# Brief:
Look through the data below and output, unchanged, every line from the one holding "Trump and Guaido Image shealah craighead" through the one holding "kate spade Yellow Floral Daisy Wallet", inclusive. Skip the pictures.

# Records supplied:

________________

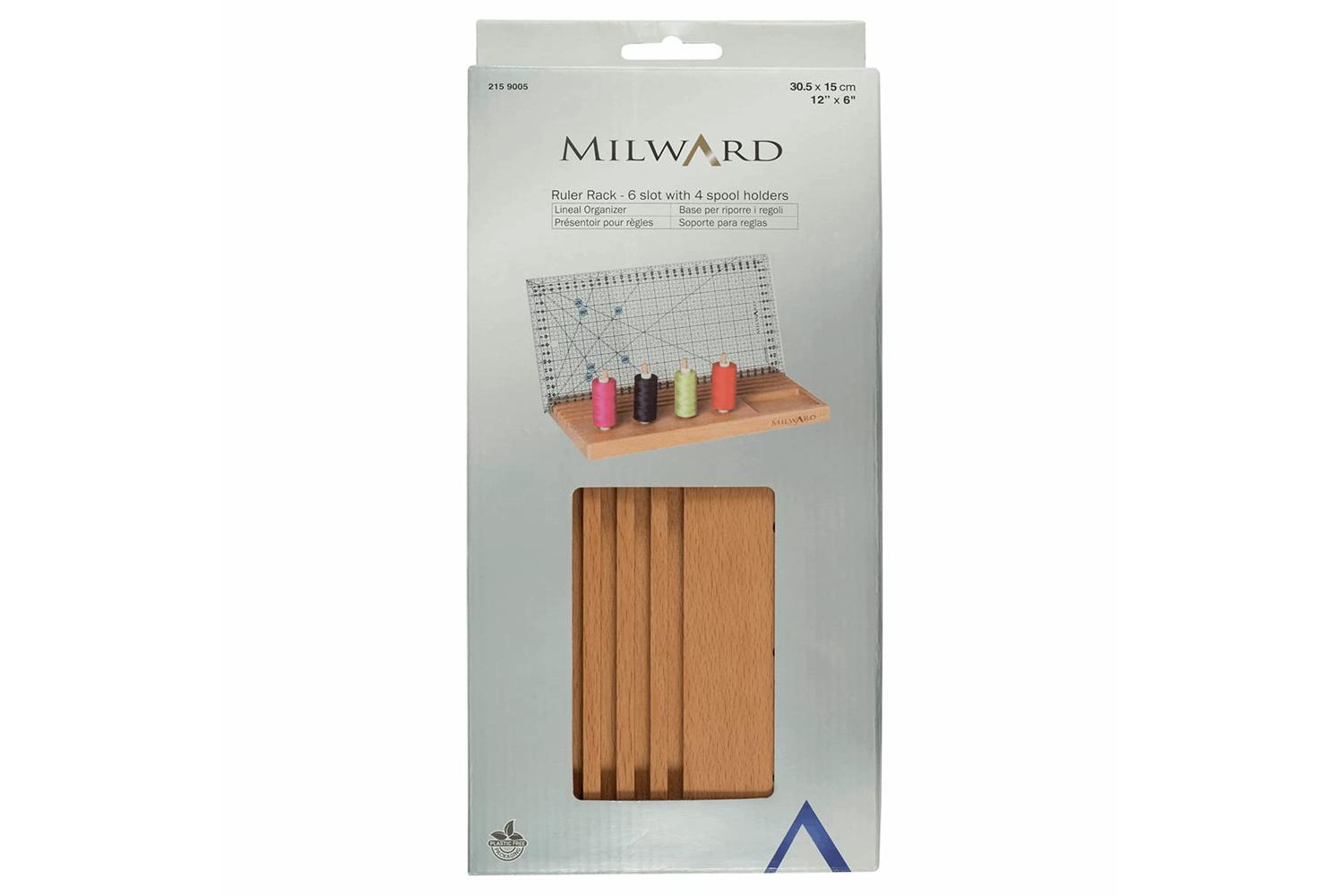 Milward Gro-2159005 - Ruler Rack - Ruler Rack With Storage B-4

________________

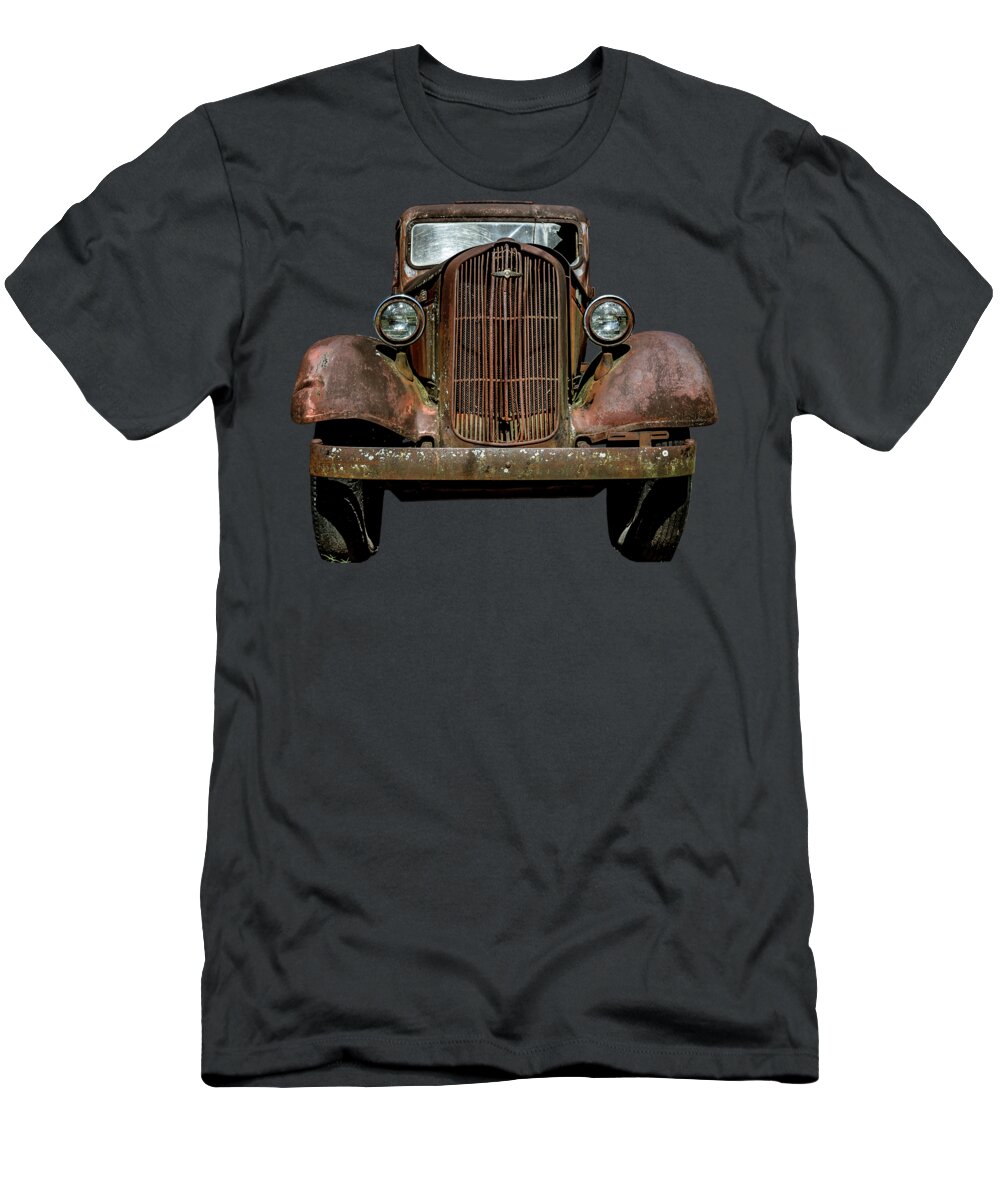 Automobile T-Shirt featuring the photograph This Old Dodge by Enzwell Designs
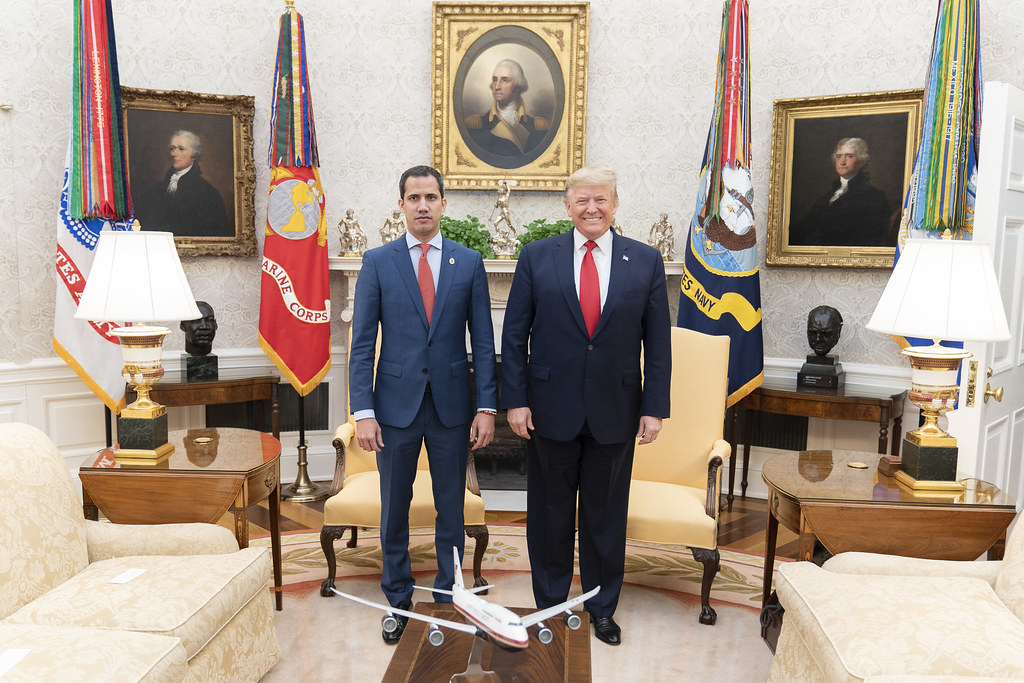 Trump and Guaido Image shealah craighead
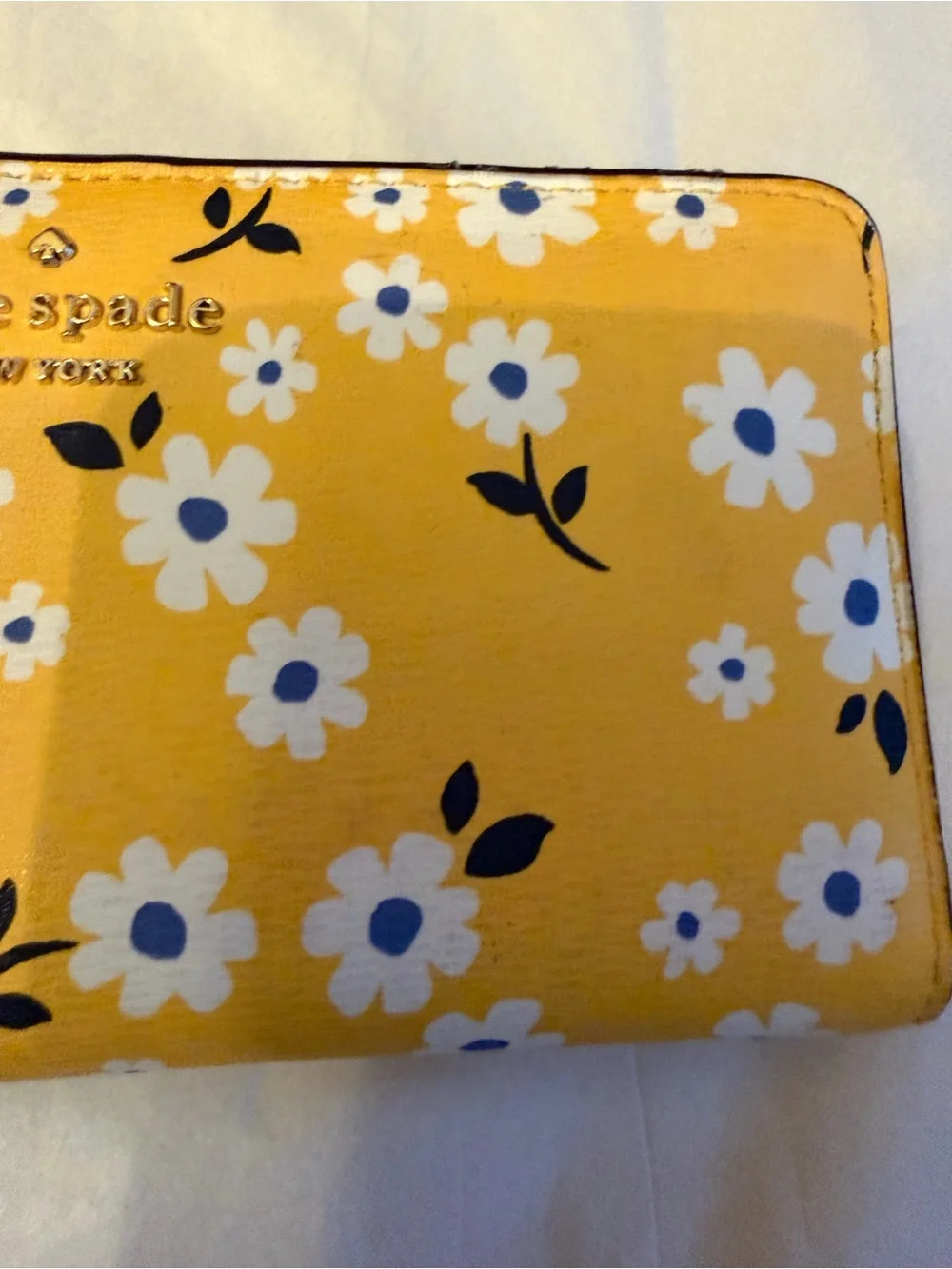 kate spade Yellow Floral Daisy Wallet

________________

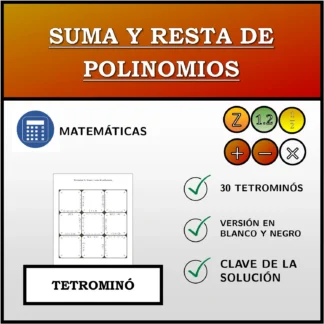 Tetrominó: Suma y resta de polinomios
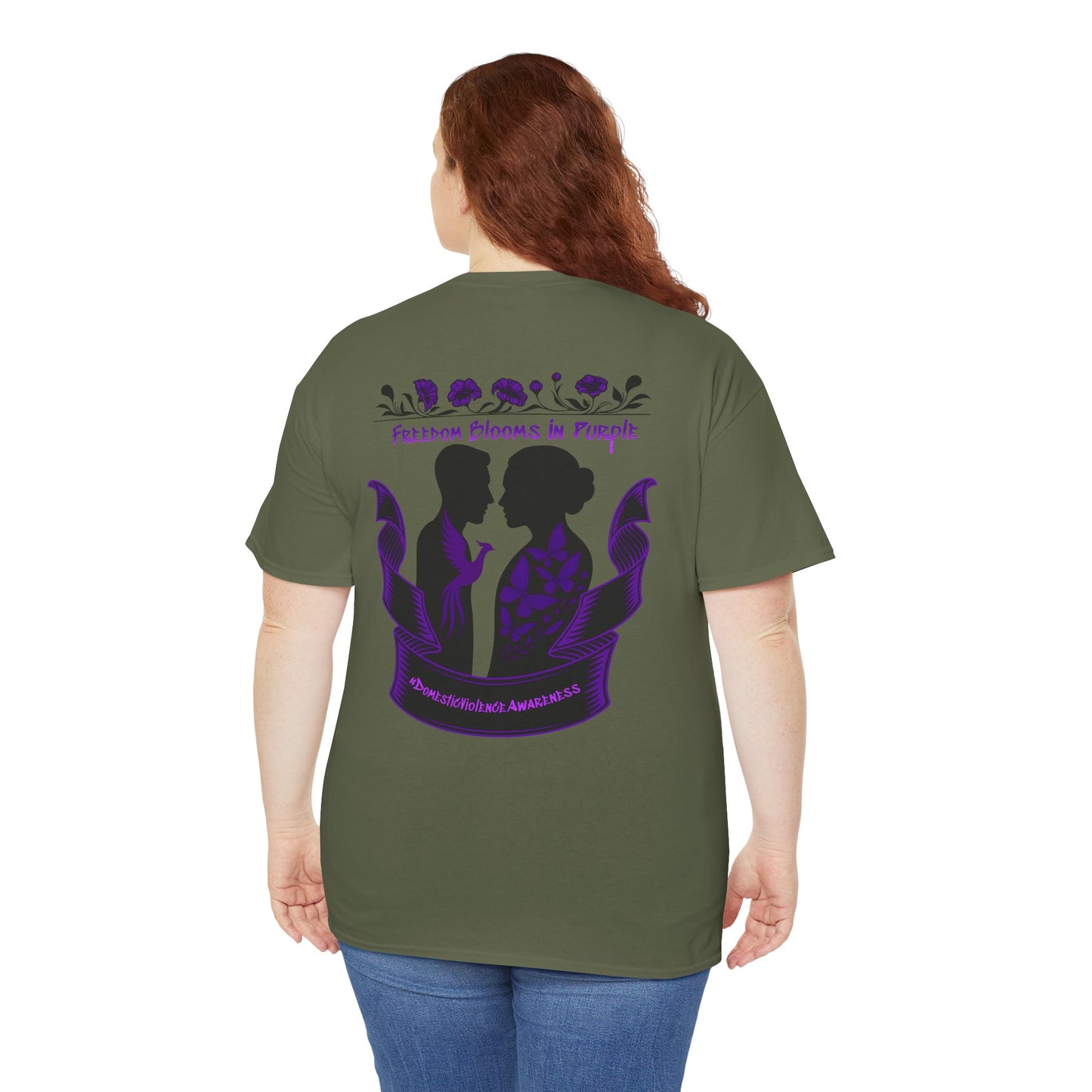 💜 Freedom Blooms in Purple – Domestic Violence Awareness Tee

________________

# Answer space:
 Trump and Guaido Image shealah craighead
 kate spade Yellow Floral Daisy Wallet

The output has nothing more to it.